Saved entries:
============

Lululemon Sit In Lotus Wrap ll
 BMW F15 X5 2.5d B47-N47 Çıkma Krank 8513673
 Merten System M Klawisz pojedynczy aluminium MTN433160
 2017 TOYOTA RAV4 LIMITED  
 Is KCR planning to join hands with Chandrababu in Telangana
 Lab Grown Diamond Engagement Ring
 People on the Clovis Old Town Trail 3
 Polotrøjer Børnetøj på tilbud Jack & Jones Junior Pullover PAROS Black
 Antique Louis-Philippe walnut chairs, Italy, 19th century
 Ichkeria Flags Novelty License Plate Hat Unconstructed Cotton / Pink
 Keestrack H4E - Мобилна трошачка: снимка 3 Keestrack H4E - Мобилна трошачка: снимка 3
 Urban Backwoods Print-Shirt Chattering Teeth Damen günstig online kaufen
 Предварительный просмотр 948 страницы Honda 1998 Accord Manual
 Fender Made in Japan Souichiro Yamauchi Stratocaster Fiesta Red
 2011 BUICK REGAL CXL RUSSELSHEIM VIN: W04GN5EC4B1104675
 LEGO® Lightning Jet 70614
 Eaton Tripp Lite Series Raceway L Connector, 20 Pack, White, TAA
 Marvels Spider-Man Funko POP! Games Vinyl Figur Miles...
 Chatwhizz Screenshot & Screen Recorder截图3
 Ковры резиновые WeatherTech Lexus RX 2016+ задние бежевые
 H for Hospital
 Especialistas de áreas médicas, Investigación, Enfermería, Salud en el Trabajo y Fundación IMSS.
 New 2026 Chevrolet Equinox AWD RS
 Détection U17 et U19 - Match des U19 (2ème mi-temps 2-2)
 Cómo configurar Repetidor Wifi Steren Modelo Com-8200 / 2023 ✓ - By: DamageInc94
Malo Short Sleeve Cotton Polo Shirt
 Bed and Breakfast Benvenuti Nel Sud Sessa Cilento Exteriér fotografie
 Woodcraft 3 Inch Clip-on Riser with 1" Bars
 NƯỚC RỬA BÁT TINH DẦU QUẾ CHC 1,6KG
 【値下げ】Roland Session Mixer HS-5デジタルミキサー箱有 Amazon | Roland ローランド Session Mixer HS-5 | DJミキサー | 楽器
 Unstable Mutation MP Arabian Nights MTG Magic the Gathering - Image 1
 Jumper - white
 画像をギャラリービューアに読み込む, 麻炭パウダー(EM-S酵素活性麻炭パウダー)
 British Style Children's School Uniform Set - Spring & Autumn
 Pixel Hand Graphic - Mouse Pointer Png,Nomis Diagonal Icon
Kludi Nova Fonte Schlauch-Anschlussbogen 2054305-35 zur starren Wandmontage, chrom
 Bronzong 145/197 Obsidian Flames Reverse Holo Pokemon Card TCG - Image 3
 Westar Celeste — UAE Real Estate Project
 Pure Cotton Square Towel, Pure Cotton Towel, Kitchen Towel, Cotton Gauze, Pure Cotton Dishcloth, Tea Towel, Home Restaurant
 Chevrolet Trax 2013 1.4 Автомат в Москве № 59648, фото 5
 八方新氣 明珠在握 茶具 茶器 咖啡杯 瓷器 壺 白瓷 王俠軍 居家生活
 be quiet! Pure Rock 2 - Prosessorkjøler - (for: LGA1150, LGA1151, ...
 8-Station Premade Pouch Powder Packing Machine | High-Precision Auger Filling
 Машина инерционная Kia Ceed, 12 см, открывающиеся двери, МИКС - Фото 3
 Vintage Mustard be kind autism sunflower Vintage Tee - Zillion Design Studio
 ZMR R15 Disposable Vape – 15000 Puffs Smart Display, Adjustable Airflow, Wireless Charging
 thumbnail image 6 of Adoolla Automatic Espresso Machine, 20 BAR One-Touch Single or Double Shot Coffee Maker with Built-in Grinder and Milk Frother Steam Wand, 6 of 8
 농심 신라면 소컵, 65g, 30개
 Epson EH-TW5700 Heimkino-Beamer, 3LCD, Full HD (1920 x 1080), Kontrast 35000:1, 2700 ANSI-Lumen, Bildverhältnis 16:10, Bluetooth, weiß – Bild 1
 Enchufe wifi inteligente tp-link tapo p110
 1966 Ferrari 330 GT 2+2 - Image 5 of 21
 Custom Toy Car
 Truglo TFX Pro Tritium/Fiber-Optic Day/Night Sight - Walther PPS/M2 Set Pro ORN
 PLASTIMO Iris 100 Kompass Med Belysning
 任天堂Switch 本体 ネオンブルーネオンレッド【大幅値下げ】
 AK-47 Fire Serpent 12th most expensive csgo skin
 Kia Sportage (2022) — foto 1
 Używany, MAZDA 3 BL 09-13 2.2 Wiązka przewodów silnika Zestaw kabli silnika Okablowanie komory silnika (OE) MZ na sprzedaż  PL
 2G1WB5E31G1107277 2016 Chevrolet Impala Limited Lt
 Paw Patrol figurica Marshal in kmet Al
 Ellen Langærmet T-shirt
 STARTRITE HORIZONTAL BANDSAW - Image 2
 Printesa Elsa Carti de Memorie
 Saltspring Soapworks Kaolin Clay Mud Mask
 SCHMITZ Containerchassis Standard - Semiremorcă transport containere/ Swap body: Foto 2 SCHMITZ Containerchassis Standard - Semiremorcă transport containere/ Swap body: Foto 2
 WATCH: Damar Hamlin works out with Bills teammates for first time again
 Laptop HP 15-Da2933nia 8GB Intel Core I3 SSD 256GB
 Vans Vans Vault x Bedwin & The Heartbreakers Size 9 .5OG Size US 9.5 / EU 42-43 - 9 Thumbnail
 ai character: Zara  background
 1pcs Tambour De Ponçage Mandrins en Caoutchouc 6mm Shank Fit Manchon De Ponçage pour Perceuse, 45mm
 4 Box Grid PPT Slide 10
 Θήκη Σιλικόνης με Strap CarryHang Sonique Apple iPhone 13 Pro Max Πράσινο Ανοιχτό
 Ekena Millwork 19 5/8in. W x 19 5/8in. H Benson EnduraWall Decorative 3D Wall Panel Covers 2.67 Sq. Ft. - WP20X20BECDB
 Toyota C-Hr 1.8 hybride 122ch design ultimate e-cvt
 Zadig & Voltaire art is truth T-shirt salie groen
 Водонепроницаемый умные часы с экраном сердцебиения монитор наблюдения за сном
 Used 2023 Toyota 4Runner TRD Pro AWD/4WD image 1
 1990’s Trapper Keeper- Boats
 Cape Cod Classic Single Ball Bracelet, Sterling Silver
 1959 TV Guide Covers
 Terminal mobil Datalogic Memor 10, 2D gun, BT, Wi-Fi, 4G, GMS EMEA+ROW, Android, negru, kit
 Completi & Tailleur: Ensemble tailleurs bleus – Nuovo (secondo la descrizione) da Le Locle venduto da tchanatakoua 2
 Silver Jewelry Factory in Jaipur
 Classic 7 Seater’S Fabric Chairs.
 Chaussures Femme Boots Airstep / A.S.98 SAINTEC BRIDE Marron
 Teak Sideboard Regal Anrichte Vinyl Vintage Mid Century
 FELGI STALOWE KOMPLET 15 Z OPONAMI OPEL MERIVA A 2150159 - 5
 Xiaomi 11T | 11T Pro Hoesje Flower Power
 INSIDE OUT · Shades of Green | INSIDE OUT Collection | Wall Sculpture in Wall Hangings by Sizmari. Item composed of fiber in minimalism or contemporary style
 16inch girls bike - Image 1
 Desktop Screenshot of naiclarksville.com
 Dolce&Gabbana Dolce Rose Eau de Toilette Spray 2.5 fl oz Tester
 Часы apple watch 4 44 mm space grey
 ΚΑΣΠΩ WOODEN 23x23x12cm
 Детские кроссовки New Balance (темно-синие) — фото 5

============

- **The task**
Your reply is to repeat, unchanged, the lines above running from the one with "2011 BUICK REGAL" up to and including the one with "八方新氣 明珠在握 茶具 茶器 咖啡杯 瓷器 壺 白瓷 王俠軍 居家生活".

- **Answer space**
 2011 BUICK REGAL CXL RUSSELSHEIM VIN: W04GN5EC4B1104675
 LEGO® Lightning Jet 70614
 Eaton Tripp Lite Series Raceway L Connector, 20 Pack, White, TAA
 Marvels Spider-Man Funko POP! Games Vinyl Figur Miles...
 Chatwhizz Screenshot & Screen Recorder截图3
 Ковры резиновые WeatherTech Lexus RX 2016+ задние бежевые
 H for Hospital
 Especialistas de áreas médicas, Investigación, Enfermería, Salud en el Trabajo y Fundación IMSS.
 New 2026 Chevrolet Equinox AWD RS
 Détection U17 et U19 - Match des U19 (2ème mi-temps 2-2)
 Cómo configurar Repetidor Wifi Steren Modelo Com-8200 / 2023 ✓ - By: DamageInc94
Malo Short Sleeve Cotton Polo Shirt
 Bed and Breakfast Benvenuti Nel Sud Sessa Cilento Exteriér fotografie
 Woodcraft 3 Inch Clip-on Riser with 1" Bars
 NƯỚC RỬA BÁT TINH DẦU QUẾ CHC 1,6KG
 【値下げ】Roland Session Mixer HS-5デジタルミキサー箱有 Amazon | Roland ローランド Session Mixer HS-5 | DJミキサー | 楽器
 Unstable Mutation MP Arabian Nights MTG Magic the Gathering - Image 1
 Jumper - white
 画像をギャラリービューアに読み込む, 麻炭パウダー(EM-S酵素活性麻炭パウダー)
 British Style Children's School Uniform Set - Spring & Autumn
 Pixel Hand Graphic - Mouse Pointer Png,Nomis Diagonal Icon
Kludi Nova Fonte Schlauch-Anschlussbogen 2054305-35 zur starren Wandmontage, chrom
 Bronzong 145/197 Obsidian Flames Reverse Holo Pokemon Card TCG - Image 3
 Westar Celeste — UAE Real Estate Project
 Pure Cotton Square Towel, Pure Cotton Towel, Kitchen Towel, Cotton Gauze, Pure Cotton Dishcloth, Tea Towel, Home Restaurant
 Chevrolet Trax 2013 1.4 Автомат в Москве № 59648, фото 5
 八方新氣 明珠在握 茶具 茶器 咖啡杯 瓷器 壺 白瓷 王俠軍 居家生活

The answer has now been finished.